Como o soldado conserta o gramofone
                       
Sasa Sanisc (Sacha Stanichitch)

   
 Pouco sabia sobre a guerra que acabou com a Iugoslávia até ler esse livro escrito por Sasa Sanisc.  Nada sabia sobre este autor, fruto da guerra. Agora o que sei sobre essa guerra é bem mais do que qualquer texto escrito para livros de Geografia, História ou Política. Sei da guerra através do ponto de vista de uma criança, Aleksandar Krsmanovic, alter ego do autor.

    É um romance. É a busca do passado para poder saber quem é e ocupar seu lugar no mundo, sem seqüelas. Continua a ser a tentativa de sobrevivência de alguém que a viveu em seu período de formação do caráter. Uma criança, de idade indefinível, entre os nove e os quatorze.

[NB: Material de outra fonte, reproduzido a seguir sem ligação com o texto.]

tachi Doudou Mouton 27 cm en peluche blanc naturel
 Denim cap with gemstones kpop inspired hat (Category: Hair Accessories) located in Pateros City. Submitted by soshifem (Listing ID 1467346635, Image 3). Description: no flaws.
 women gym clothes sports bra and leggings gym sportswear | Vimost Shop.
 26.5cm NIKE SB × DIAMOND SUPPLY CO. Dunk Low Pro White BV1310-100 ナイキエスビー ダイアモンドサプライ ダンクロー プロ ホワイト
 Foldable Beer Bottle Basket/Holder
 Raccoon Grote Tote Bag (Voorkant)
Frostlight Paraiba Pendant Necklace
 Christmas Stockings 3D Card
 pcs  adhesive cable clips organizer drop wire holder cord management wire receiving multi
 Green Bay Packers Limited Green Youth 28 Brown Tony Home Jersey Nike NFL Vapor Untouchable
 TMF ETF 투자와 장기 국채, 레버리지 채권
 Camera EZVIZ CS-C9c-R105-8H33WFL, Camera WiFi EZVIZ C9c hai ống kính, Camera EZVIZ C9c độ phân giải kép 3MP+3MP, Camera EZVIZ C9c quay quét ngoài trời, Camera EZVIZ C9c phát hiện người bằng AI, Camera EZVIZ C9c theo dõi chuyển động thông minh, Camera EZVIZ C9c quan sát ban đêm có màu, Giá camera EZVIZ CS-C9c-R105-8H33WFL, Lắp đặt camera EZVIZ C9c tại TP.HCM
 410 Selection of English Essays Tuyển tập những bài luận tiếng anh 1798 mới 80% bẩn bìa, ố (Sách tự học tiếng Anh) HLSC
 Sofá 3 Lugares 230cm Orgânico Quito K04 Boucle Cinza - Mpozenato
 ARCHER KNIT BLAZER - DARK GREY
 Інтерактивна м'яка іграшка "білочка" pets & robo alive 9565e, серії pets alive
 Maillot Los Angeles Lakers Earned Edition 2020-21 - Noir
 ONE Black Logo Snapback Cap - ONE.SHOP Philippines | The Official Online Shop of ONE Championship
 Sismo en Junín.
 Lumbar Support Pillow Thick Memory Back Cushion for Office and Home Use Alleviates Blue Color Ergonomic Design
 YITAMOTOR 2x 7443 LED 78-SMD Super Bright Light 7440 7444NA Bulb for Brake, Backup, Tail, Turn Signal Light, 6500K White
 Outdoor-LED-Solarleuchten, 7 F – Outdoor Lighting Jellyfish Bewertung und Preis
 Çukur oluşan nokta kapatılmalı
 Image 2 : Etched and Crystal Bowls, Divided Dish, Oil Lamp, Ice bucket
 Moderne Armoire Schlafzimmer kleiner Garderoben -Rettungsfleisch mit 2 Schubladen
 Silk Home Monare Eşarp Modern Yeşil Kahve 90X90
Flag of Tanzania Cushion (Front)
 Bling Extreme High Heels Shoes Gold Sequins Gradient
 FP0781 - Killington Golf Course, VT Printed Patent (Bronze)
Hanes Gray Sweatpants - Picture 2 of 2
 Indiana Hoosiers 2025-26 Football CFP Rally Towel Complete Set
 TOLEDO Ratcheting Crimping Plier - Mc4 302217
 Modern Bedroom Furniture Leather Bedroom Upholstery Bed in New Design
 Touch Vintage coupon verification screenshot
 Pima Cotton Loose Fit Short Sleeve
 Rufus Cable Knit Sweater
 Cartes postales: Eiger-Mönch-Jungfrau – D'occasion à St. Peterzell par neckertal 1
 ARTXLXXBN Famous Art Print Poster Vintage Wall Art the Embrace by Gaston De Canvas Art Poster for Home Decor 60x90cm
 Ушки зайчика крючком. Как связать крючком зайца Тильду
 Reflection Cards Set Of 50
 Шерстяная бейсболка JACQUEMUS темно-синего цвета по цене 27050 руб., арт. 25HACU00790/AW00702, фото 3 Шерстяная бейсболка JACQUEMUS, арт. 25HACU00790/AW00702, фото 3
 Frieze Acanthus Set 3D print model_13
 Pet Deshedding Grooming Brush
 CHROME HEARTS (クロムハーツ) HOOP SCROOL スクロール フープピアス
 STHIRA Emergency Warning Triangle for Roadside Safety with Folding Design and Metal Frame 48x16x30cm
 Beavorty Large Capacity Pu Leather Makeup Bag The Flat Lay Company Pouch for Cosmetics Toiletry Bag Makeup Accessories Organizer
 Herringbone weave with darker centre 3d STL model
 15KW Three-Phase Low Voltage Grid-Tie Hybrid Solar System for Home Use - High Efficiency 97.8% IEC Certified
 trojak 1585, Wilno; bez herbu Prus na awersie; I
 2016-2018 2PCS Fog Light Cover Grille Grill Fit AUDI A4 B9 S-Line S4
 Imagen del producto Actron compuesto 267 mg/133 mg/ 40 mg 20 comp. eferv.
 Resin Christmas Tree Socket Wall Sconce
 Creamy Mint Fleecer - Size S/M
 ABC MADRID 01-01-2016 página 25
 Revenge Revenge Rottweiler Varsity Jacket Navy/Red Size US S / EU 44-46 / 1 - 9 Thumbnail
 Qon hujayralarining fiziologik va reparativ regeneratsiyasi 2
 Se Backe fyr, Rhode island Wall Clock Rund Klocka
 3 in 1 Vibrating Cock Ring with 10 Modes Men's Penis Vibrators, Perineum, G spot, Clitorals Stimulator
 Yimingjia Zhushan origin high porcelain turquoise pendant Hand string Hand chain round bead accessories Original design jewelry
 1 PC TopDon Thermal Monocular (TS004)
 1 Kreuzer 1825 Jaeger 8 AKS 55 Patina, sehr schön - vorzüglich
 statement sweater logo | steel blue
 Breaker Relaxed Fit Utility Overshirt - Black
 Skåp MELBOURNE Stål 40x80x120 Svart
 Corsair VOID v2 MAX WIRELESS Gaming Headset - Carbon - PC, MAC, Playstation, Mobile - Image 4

    O romance começa com a morte do avô de Aleksandar. Slavko, o avô, era sérvio e nacionalista. Era partidário de Tito, construtor de um país que nunca foi nação, pois abrigava em seu ventre várias nações em ponto de ebulição.

 A estrutura do livro não segue os padrões considerados normais para um romance. Os episódios estranhos e mirabolantes se sucedem. São as lembranças do menino que vêm à tona. Inaugura-se uma privada com uma festa. E um idiota sérvio acaba com a festa dando um tiro porque os músicos tocavam músicas bósnias. O cotidiano se transfere para os porões das edificações onde se passa a viver uma vida comunitária. Mas as crianças continuam crianças.

O avô retorna a vida através das lembranças do neto. E essas lembranças são anteriores a guerra – Aleksander, autor e ator de sua própria história recupera sua infância. O tempo antes daquele tempo em que tudo se transformou. As lembranças dele se remetem as nossas. São arquetípicas. Os desfiles em homenagem a Pátria, o relacionamento com os colegas, o nascimento do preconceito, a paixão pelo futebol e pela pesca. Quando ele ganha o campeonato local de pesca no Rio Drina não pode ir para as etapas finais: a guerra já começou. Bósnios, sérvios e croatas passaram a se odiar mutuamente. Um ódio fratricida estimulado inclusive pelas religiões: católicos, ortodoxos e muçulmanos. É 1991, o avô está morto e os peixes do Rio Drina passam a receber alimentação suplementar – os cadáveres dos muçulmanos. A cidade onde o menino vive começa a se esvaziar. Sua família também emigra: o pai é sérvio, a mãe bósnia e muçulmana.

   Em 2002, Aleksander, já adulto, volta à terra natal, Visegrad. Volta em busca de suas lembranças e de uma menina desconhecida que conheceu nos porões da guerra e da qual pouco sabe. Tudo para ele passa a ser estranho. Sonho e realidade se confundem.

   Há um capítulo no livro que me deixou perplexa: há um cessar fogo e grupos inimigos descansam jogando uma partida de futebol... entre si. Mas o cessar fogo cessa antes que a partida acabe...  Vale à pena ler esse capítulo. Se mais não valesse o livro, valeria por esse capítulo.

   Só a mente de uma criança poderia elaborar um livro sobre a guerra tão terno e ao mesmo tempo tão dolorido. 

   Haverá esperança para o homem? Não sei, Queria saber. Queria acreditar que sim. Mas olhando por minha janela e olhando para o céu cinzento e ouvindo a chuva fria que cai sinto vontade de chorar. Mas, quem sabe, talvez amanhã brilhe o sol e eu pense diferente. 
  
(Foto Ponte sobre o Rio Drina) Busca Google.


Após ser dividida em 1991, a antiga Iugoslávia deu origem às seguintes unidades territoriais, atualmente:


1. República da Bósnia e Herzegovina;
2. República da Croácia;
3. República da Macedônia;
4. República de Montenegro;
5. República da Sérvia;
5a. Província de Kosovo
5b. Província de Vojvodina
6. República da Eslovênia;


A Iuguslávia hoje é composta pela Servia e suas duas províncias e Montenegro - se é que já não mudou.
A cidade de Visegrad fica na Bósnia - Herzegovina.